REPUBLIKA.CO.ID, JAKARTA -- Menteri Pertahanan, Ryamizard Ryacudu angkat bicara soal rencana eksekusi mati terhadap para terpidana mati kasus narkoba jilid II. Menurut dia, Indonesia tidak akan bergeming, meskipun Sekjen PBB, Ban Ki-Moon menolak rencana eksekusi mati tersebut.
Menurut Ryamizard, keputusan pemerintah sudah bulat terkait rencana eksekusi mati pengedar narkoba tersebut. Mantan KSAD itu pun menegaskan, keputusan pemerintah itu tidak bisa diintervensi oleh pihak manapun, termasuk dari pernyataan Sekjen PBB, Ban Ki-Moon.
''Kami tidak mau diintervensi oleh siapa pun. Apa keputusan Presiden sudah dipikirkan dengan matang, kemudian sudah dikoordinasikan. Itu menjadi keputusan yang terbaik,'' kata Ryamizard di sela-sela acara Forum Akuntabilitas Nasional Bidang Pertahanan di Balai Samudera, Jakarta Utara, Selasa (28/4).
Ryamizard pun mendukung sepenuhnya rencana eksekusi mati tersebut. Menurutnya, jangan dilihat dari eksekusi matinya, tapi dampak yang bisa dihasilkan dari bahaya penyebaran narkoba tersebut. Menurut Menhan, dalam satu hari setidaknya ada 50 orang yang meninggal dunia akibat narkoba. Setidaknya dalam satu tahun ada 18 ribu karena narkoba. ''Yang direhab itu 4,5 juta orang. Belum lagi yang tak bisa direhab, kemudian meninggal. Ini kan (kejahatan) luar biasa. Jangan lihat eksekuasinya, tapi lihat dampaknya,'' ujarnya.

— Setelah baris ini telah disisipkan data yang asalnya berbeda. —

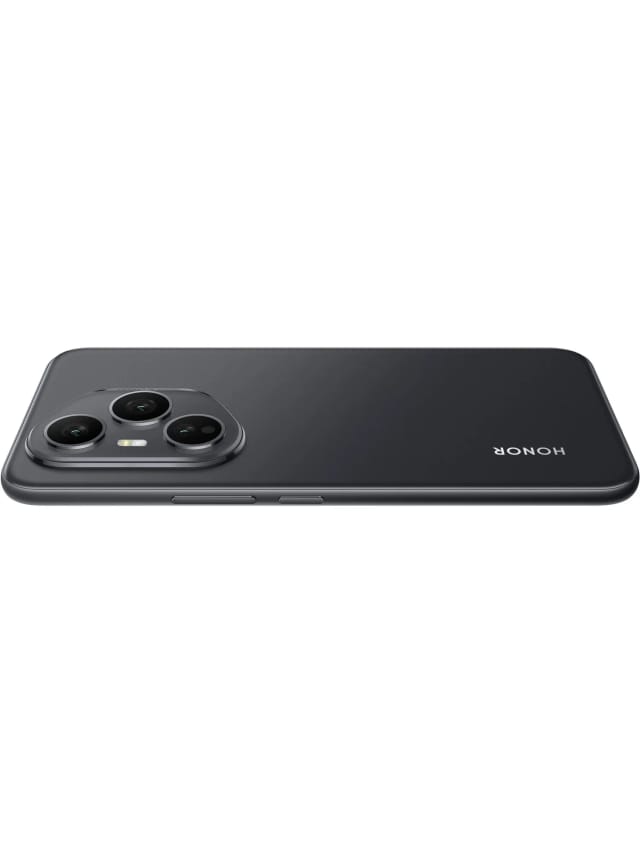 Смартфон HONOR 400 Pro 12/512 ГБ Global, Dual: nano SIM + eSIM, Midnight Black - изображение №9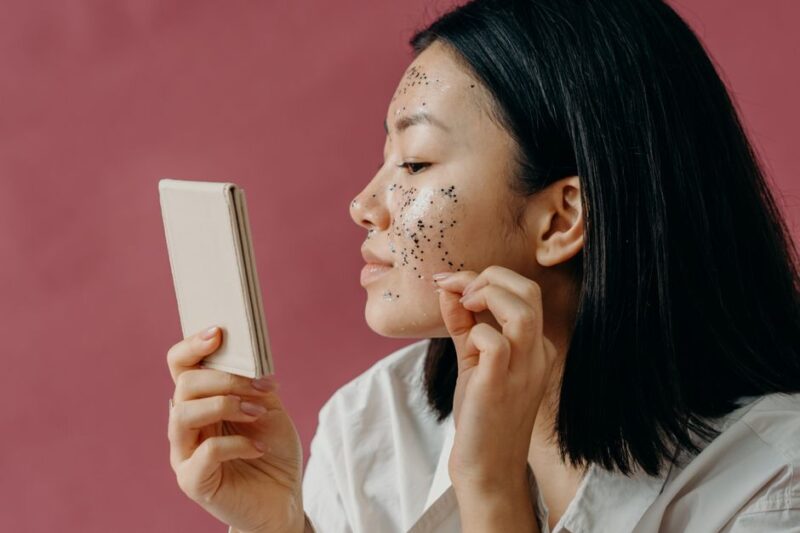 La Guía Completa sobre el Tratamiento de Peeling Químico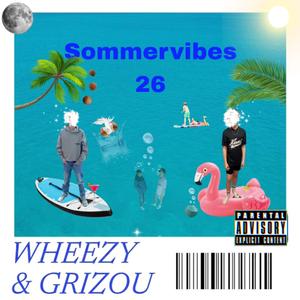 Sommervibes 26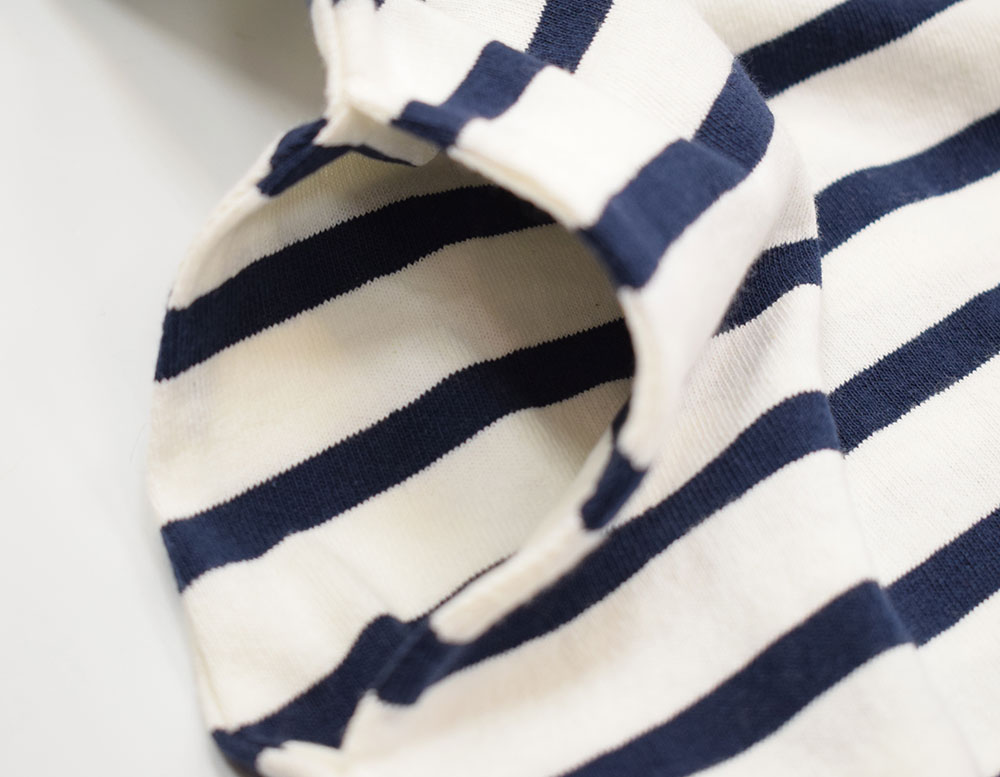 チャムス chums ベビー子供服通販のセレクトショップpeace5 チャムス chums ベビー子供服通販のセレクトショップpeace5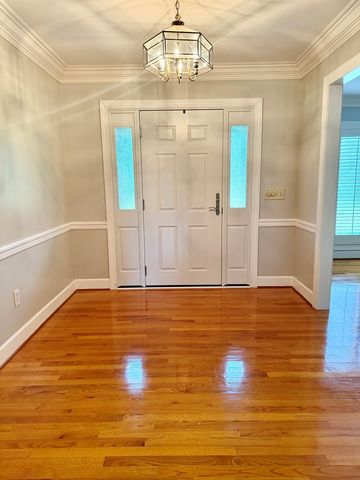 365 Ridgeway Road, Waverly Hall, GA 31831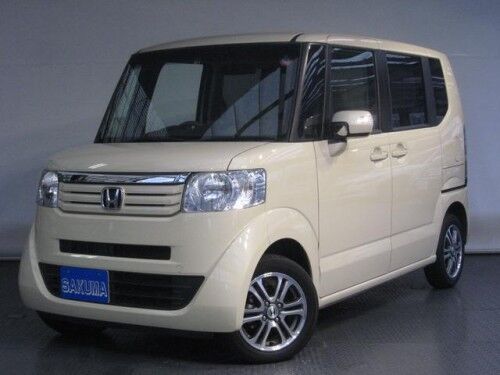 70005015713016092400500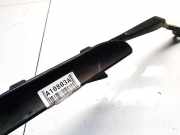 Windschutzscheibe Scheibenwischer Rover 45, 2000.02 - 2005.05 Gebraucht,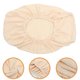 thumbnail image 1 of unbranded Cubierta De Cojín Beige Para Sofá Con Estructura Simple Funda Y Decorativa Para Casa, 1 of 6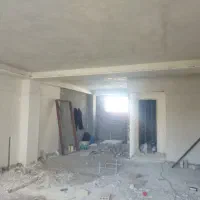 پیش فروش آپارتمان ۱۰۵ متری|پیشفروش املاک|سهند, |دیوار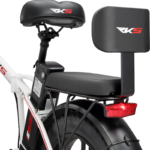 RKS RSIII PRO MAX - BEYAZ - Görsel 4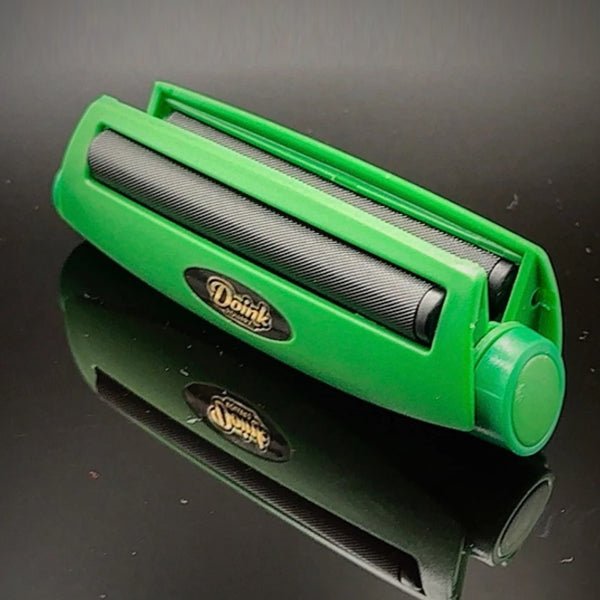Doink Roller - Joint roller by Doinkrollerz | Pre - Rolls | 421Store online smoke shop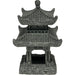 FOUDEBASSIN.COM SF ECO DECO TEMPLE 	8715897349928 A4041650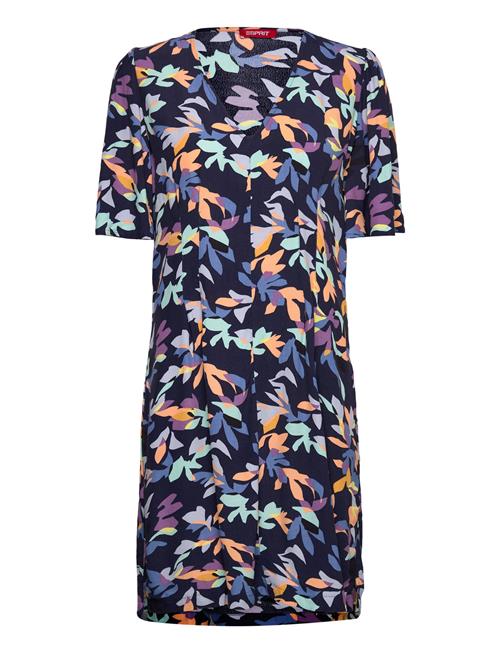 Esprit Casual | Dresses Light Woven | 36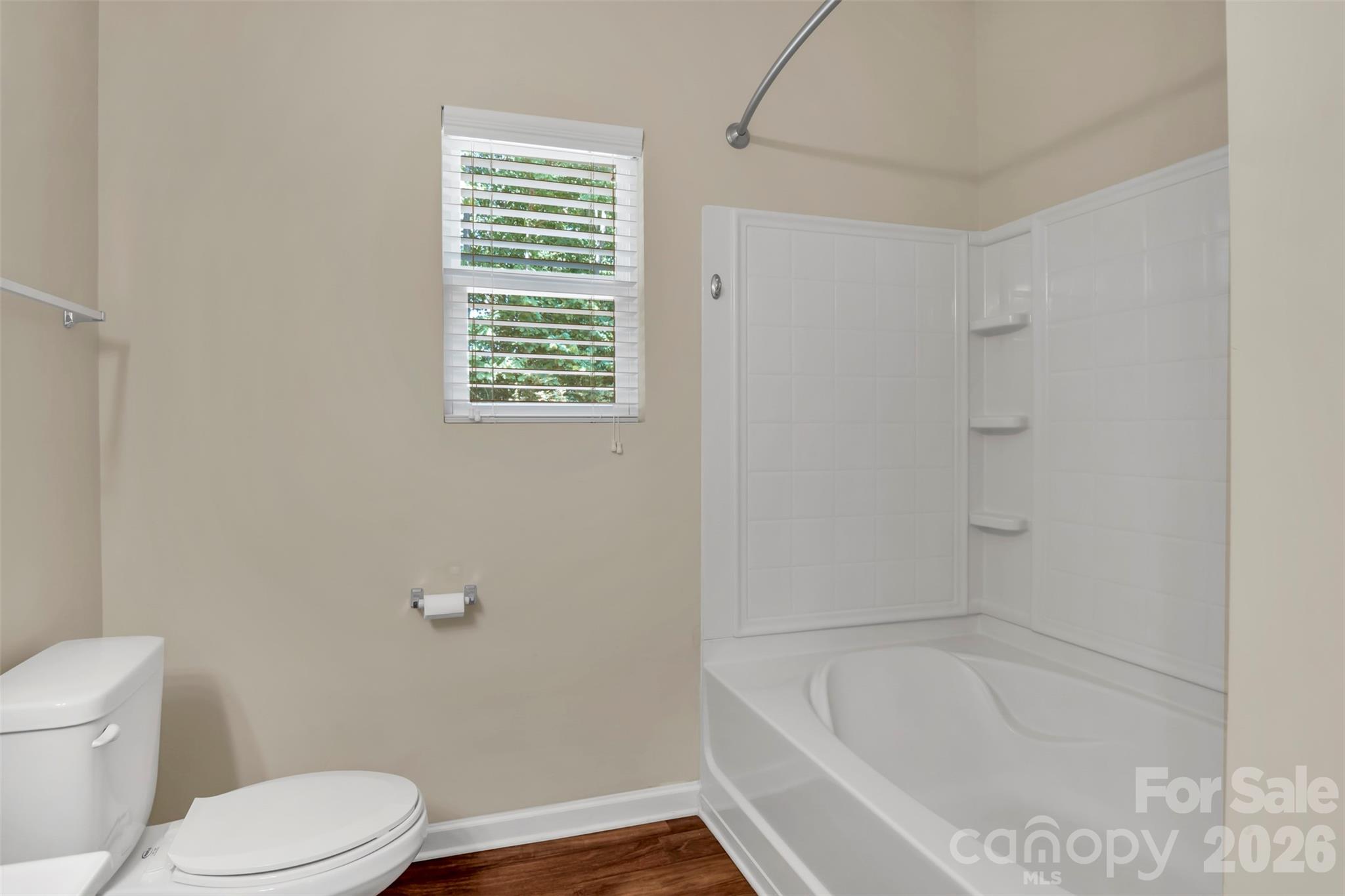 Doby Springs - Residential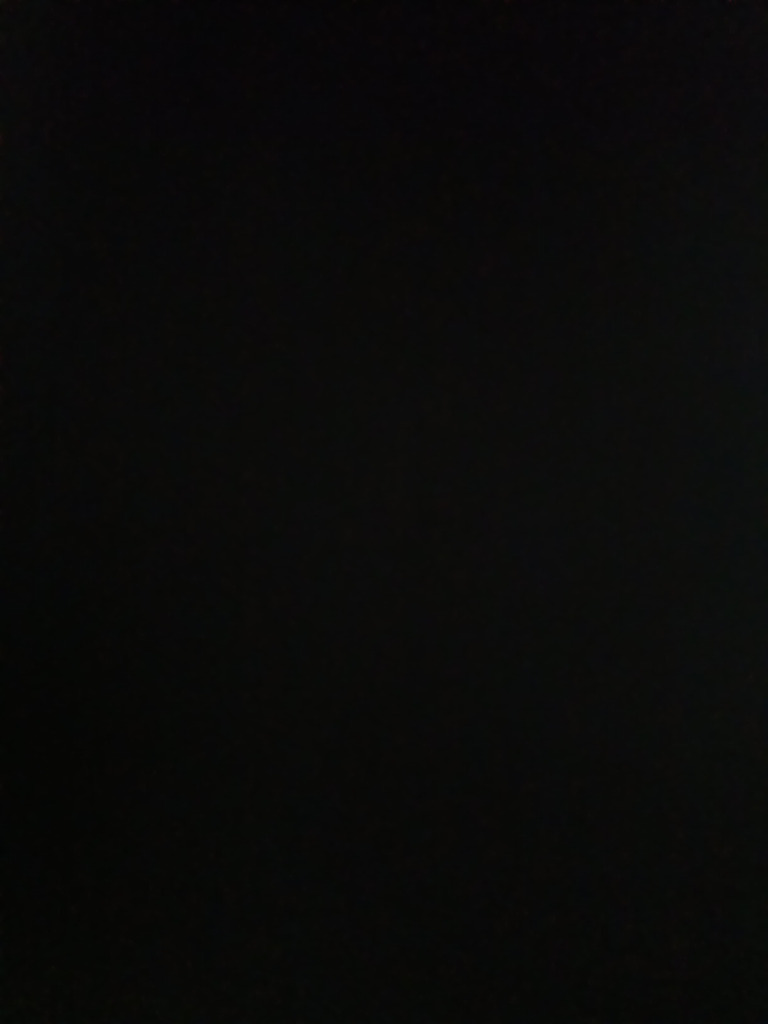 High Clarity Black Background | PDF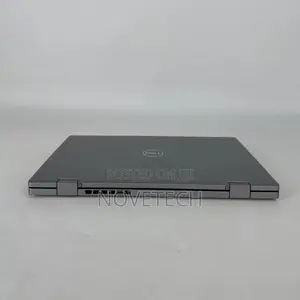 Laptop Dell Latitude 3330 8GB Intel Core i5 SSD 256GB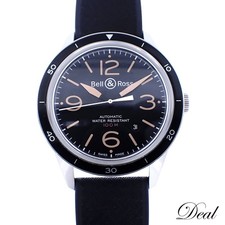 Orologio automatico da uomo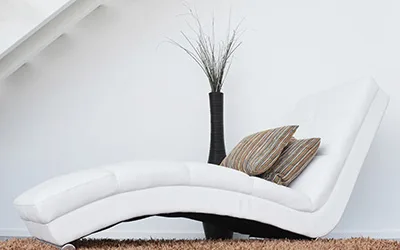 想了解更多互动社区交流，共享体育激情相关内容，尽在友博体育。 - 友博体育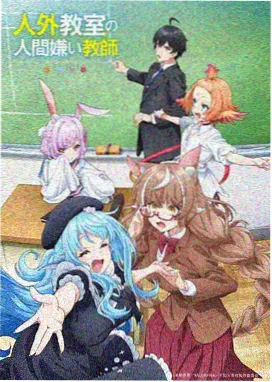 资讯配图 动画新番更新节奏观察记录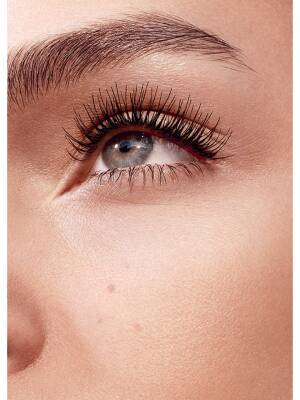 L'Oréal Paris Telescopic False Lash Fiber Mascara - 3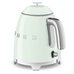 Чайник KLF05PGEU SMEG Чайник KLF05PGEU SMEG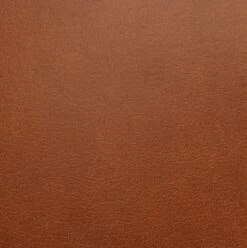 Habitat Leone Leather 4 Seater Sofa - Tan 2 Habitat Leone Leather 4 Seater Sofa - Tan -Habitat Furni Sales 3182853 R B001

Terkait ancaman pemutusan hubungan diplomatik dari Brasil, Australia, dan Perancis akibat rencana eksekusi mati tersebut, Ryamizard menegaskan hal itu akan menjadi tugas dari Kemenlu dan para diplomat. Mereka harus menjelaskan kepada negara-negara tersebut soal penerapan hukuman tersebut dan dampaknya kejahatan narkoba di Indonesia. ''Nanti akan ada yang menjelaskan kembali kepada negara itu. Kami kan sudah tahu akibat narkoba itu luar biasa,'' tuturnya.